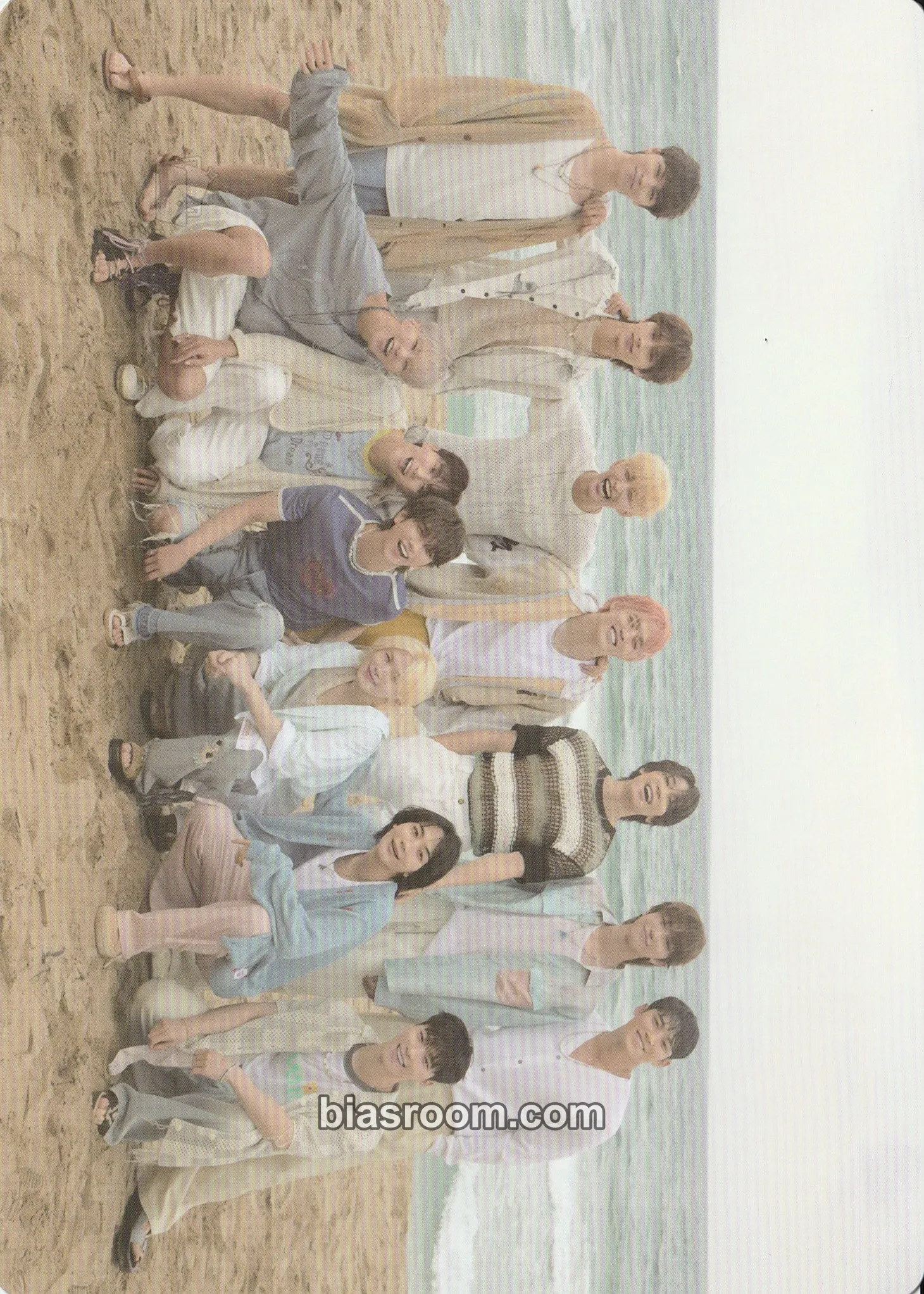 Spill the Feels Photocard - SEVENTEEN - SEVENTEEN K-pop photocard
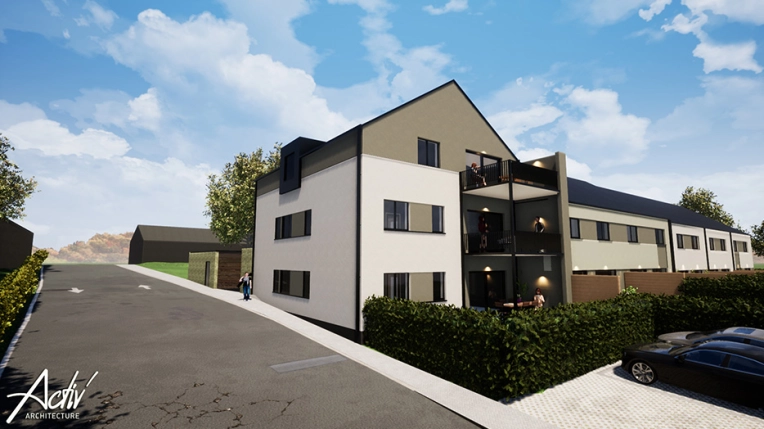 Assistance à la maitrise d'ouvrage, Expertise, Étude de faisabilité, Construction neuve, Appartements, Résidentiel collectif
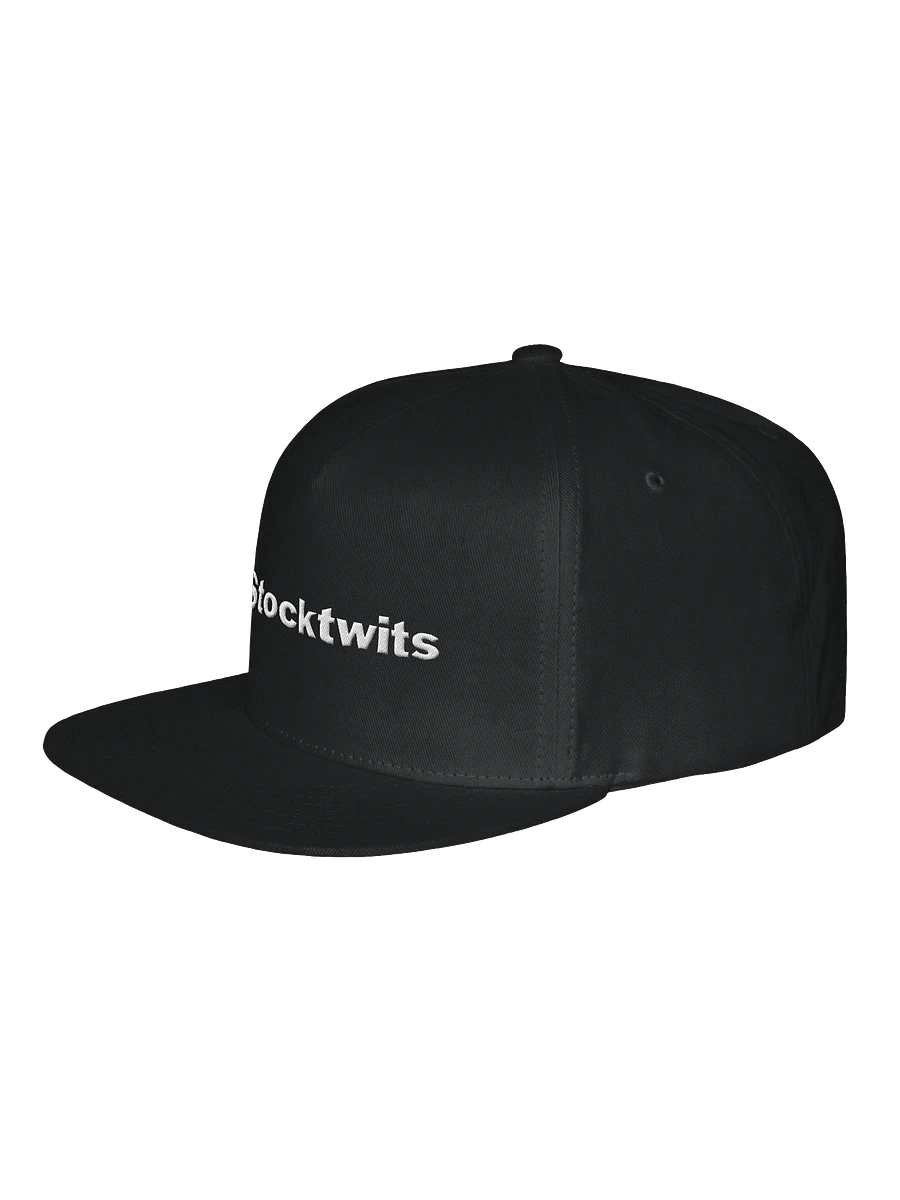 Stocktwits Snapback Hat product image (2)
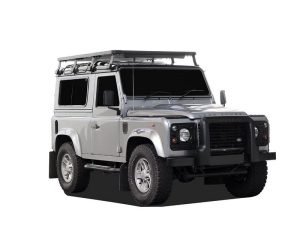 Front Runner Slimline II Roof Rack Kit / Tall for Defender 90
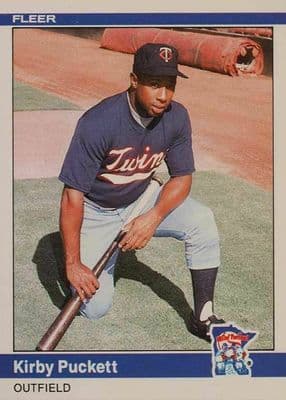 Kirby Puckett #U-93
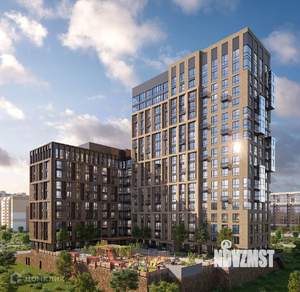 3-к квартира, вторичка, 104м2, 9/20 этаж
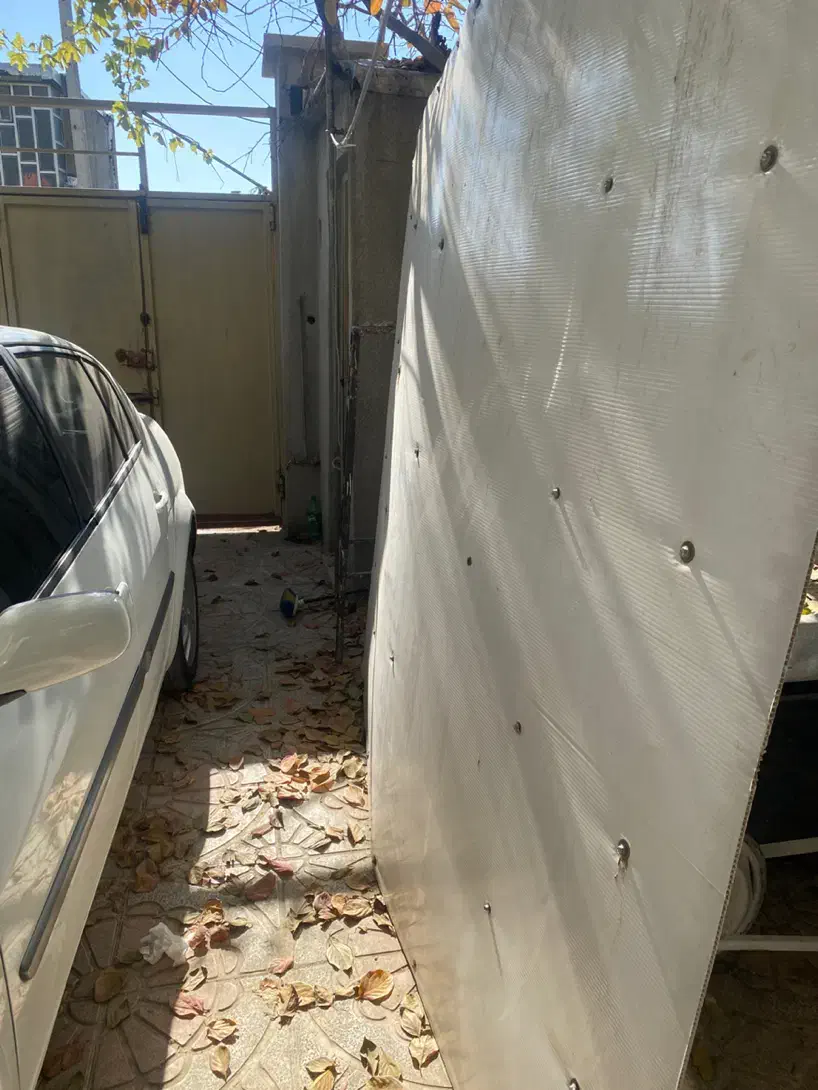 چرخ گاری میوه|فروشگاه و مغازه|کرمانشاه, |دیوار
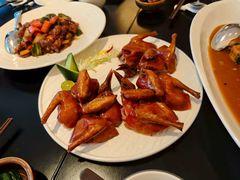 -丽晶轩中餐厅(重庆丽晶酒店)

###

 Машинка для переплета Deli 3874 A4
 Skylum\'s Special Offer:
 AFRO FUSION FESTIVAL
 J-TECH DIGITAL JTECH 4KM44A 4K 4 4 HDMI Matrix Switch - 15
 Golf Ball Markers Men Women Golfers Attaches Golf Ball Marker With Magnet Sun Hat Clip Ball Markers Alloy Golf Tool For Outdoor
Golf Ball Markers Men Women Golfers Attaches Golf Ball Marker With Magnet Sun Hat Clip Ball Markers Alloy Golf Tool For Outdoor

###

▶ DIRECTIONS
Above are some records; extract exactly the lines from the one containing "Front Runner Slimline" through the one containing "-丽晶轩中餐厅(重庆丽晶酒店)" and drop the pictures.

▶ REPLY
 Front Runner Slimline II Roof Rack Kit / Tall for Defender 90
 Kirby Puckett #U-93
 3-к квартира, вторичка, 104м2, 9/20 этаж
 چرخ گاری میوه|فروشگاه و مغازه|کرمانشاه, |دیوار
 -丽晶轩中餐厅(重庆丽晶酒店)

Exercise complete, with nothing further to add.